Comment 3 Jan Pokorný [poki] 2017-08-02 12:53:50 UTC
Nick, thanks for the response.

Yes, it's entirely possible that previously libqb was relying on some
behaviour that was working just ouf of pure luck (though it lasted for
at least 6 recent years).

And sadly, nope, the proposed update to the build recipe didn't help,
furthermore I am getting this complaint:

> /usr/bin/ld: warning: foo.t contains output sections; did you forget -T?

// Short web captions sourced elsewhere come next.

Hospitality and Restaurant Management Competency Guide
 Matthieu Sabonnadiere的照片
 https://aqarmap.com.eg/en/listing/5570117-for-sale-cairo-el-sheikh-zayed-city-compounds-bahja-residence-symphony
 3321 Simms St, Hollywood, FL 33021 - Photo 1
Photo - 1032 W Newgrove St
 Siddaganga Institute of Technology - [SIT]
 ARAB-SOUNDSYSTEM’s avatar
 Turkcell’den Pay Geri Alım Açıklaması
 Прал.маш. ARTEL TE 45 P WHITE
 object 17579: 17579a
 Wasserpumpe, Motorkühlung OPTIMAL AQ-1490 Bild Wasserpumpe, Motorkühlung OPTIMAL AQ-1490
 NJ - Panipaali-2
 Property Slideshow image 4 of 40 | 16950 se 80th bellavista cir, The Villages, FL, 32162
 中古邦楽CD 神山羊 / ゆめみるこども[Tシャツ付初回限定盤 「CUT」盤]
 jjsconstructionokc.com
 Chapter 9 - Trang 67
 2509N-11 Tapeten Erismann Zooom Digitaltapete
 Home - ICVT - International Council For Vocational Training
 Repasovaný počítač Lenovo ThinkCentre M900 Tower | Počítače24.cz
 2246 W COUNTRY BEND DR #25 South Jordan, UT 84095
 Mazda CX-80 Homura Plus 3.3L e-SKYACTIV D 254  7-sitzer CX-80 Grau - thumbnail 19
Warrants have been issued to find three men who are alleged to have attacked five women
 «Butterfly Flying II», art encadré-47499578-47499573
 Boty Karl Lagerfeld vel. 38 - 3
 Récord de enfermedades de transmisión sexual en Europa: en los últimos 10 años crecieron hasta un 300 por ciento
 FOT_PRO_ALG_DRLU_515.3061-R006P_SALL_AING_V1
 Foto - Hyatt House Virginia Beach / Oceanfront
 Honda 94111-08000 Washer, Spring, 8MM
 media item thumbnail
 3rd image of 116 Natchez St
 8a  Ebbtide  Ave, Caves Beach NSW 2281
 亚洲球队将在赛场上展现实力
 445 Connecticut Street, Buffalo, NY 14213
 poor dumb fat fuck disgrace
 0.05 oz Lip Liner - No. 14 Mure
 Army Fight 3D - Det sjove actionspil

Easy way out would be to extend the interface of the library function:

=== dummylib.c ===

#include <stdio.h>
#define JOIN_PASS(a, b) a##b
#define JOIN(a, b)  JOIN_PASS(a, b)
#define STRINGIFY_PASS(a) #a
#define STRINGIFY(a) STRINGIFY_PASS(a)
#define SECTION_NAME __foo
#define SECTION_START JOIN(__start_, SECTION_NAME)
#define SECTION_STR STRINGIFY(SECTION_NAME)
extern int SECTION_START[];
static void dummy(const int *start) {
        { static int __attribute__((section(SECTION_STR))) z = 13; }
        { static int __attribute__((section(SECTION_STR))) z = 17; }
        printf("dummy finished %d %d\n",
               *((int *) start), *((int *) start + 1));
}       
int do_something(int n, const int *start) { dummy(start); return n*n; }

=== test.c ===

#include <stdio.h>
#define JOIN_PASS(a, b) a##b
#define JOIN(a, b)  JOIN_PASS(a, b)
#define STRINGIFY_PASS(a) #a
#define STRINGIFY(a) STRINGIFY_PASS(a)
#define SECTION_NAME __foo
#define SECTION_START JOIN(__start_, SECTION_NAME)
#define SECTION_STR STRINGIFY(SECTION_NAME)
extern int SECTION_START[];
int do_something(int n, const int *start);
static void test(void) {
        { static int __attribute__((section(SECTION_STR))) z = 42; }
        { static int __attribute__((section(SECTION_STR))) z = 10; }
        printf("test finished %d %d\n",
               *((int *) SECTION_START), *((int *) SECTION_START + 1));
}
int main(char argc, char *argv[]) {
        int ret = do_something(argc, SECTION_START);
        test();
        printf("got it? %d %d\n",
              *((int *) SECTION_START), *((int *) SECTION_START + 1));
        return ret;
}

===

But what if we don't want to change do_something interface at any cost?
Can we somehow arrange for programmatically (dlopen + dlsym?) accessing
SECTION_START of test.c from within do_something (within dummylib.c)?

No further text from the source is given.